Desci em Lido Nord, mas as mulheres chiques trabalhando no caixa mal sabiam do que eu falava ao pedir informações, com meu italiano quebrado. A faxineira, porém, sabia. Ostia Centro, depois tomar o ônibus 1. Grazzia mille. Prego. Meu cronograma estava atrasado, queria chegar a Casarsa naquele mesmo dia, era importante ir de Ostia a Casarsa naquelas 24 horas.
É horrível, Pier Paolo, o que fazemos com nossos mortos. Horrível este monumento onde caiu seu sangue. O lugar está cheio, há um grupo com câmeras, discursos. Algum deles terá sido amigo seu, talvez poeta menos famoso? O grupo apinha-se ao redor do monumento horroroso. O local parece improvisado, ervas-daninhas crescem por entre as rachaduras. Feio, como tudo latino. Por que seria belo onde mataram você? Mas não é a presença dos outros. Não se invoca uma epifania, elas não vêm com hora marcada. Estou seco, sem iluminações repentinas, ali onde queria chorar. Nem musa, nem anjo, nem duende têm obrigação de me usar agora, apenas porque viajei milhares de quilômetros. Nos últimos dias, havia chorado pensando no relato do rapaz que foi acusado e preso pelo seu assassinato, a história de que ele teria ido urinar, e, ao voltar, você estava sob ataque, pedindo socorro a sua mãe. Mas você não foi o poeta de “Supplica a mia madre”? Não terá sido súplica, terá sido um cumprimento, um aviso de que você chegava. O grupo de italianos ao redor do monumento termina seu discurso, eles riem, cumprimentam-se, sinto-me ranzinza, olho o matagal ao redor, penso: “local perfeito para uma trepada e para um assassinato.”
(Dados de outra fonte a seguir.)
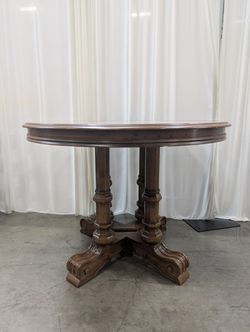 Traditional Round Pedestal Dining Table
Chego a Casarsa à noite, após ler por horas os seus Escritos Corsários num trem. Fumo num pequeno hotel, contemplo o frio da névoa sobre os campos do Friul. Pela manhã, sou o primeiro e único no cemitério. O Moço pedira que eu levasse flores a seu túmulo, onde você divide espaço com sua mãe, Susanna. Não tinha mais dinheiro para flores. Do lado de fora do cemitério, uma vinha. Colho um galho, coloco-o sobre o túmulo de Susanna. Fico ali, diante do seu túmulo, como você um dia estivera diante do de Gramsci. Le ceneri di Pasolini. Componho um verso ou dois do que um dia será meu poema “Le ceneri di Pasolini”. Recito de memória meu “Carta a Antínoo”, para que você saiba que existo como poeta, digo que amo os vagalumes, tento chorar e me vou.